The difference in early outcome could partly be explained by the coexistence of kidney rejection and immunosuppression causing a greater risk of infection and inadequate response to stress. The combined transplant nephrectomy could have contributed to the high morbidity and mortality rate of our Group 1 patients while it is unlikely that the difference in pseudoaneurysm size (7.1 cm vs. 5.9 cm) has influenced the outcome of the repair. Infection was the main cause of postoperative complications in our surgical patients and one patient died of sepsis.
This study is limited by its retrospective nature and the small group of 11 patients. Another potential limitation is that we included patients with both iliac anastomotic pseudoaneurysm in transplant patients and pseudoaneurysm following transplant nephrectomy. In addition, treatment options were substantially different during the second half of the study period. Therefore, long-term follow-up is not available.
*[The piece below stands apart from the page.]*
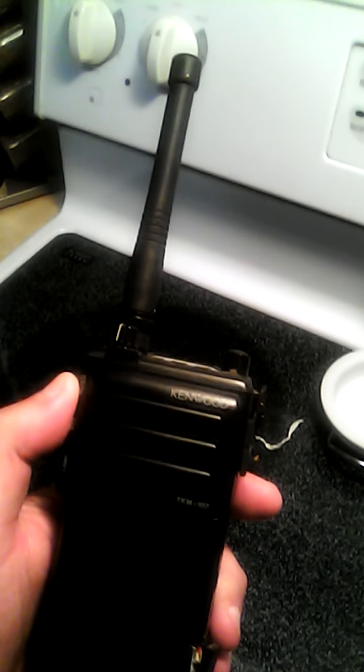I use this Kenwood radio and I used it during the last tornado we had. The battery went flat so I plugged it into the wall at home. It must have been charging for about an hour and a half when my wife and I heard this bang — we didn't know what it was. Then a second bang. We thought something was shooting at the house.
In light of these limitations, our findings suggest that chronic rejection of donor renal artery may play a role in the development of 45% of the observed cases of pseudoaneurysms complicating kidney transplantation in our study. Though rare, the development of pseudoaneurysms at the donor renal-external iliac artery anastomosis results in high rates of transplant nephrectomy. The choice of OR or EVR in these pseudoaneurysms has yet to be fully delineated; nevertheless, EVR has resulted in a better early outcome with a shorter LOS. After pseudoaneurysm excision, arterial reconstruction is recommended to prevent lower limb ischemia. Long-term follow-up data are required to assess the overall durability of OR and EVR.